Exercise input:
++++++++++

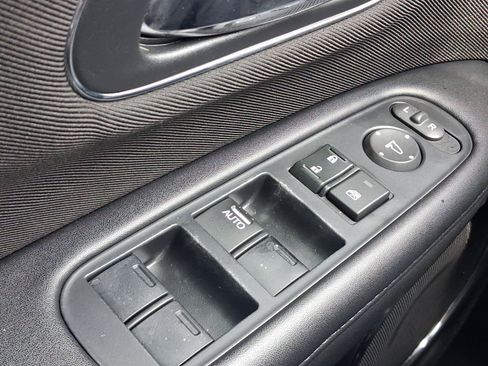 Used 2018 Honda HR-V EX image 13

++++++++++

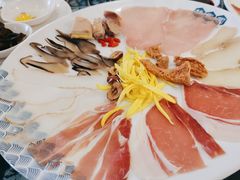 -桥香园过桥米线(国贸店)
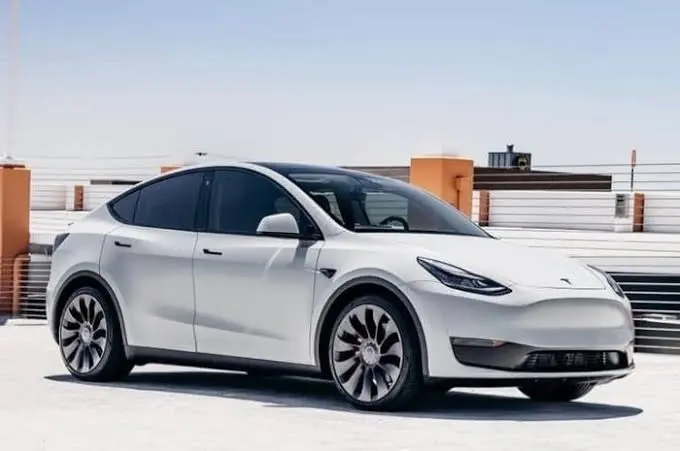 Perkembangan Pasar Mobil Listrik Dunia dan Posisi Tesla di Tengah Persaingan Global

++++++++++

Exercise objective: Using the data above, set down each line from the line with "-桥香园过桥米线(国贸店)" to the line with "Perkembangan Pasar Mobil" exactly, both ends included, and leave the pictures behind. Nothing else belongs.

Your response:
 -桥香园过桥米线(国贸店)
 Perkembangan Pasar Mobil Listrik Dunia dan Posisi Tesla di Tengah Persaingan Global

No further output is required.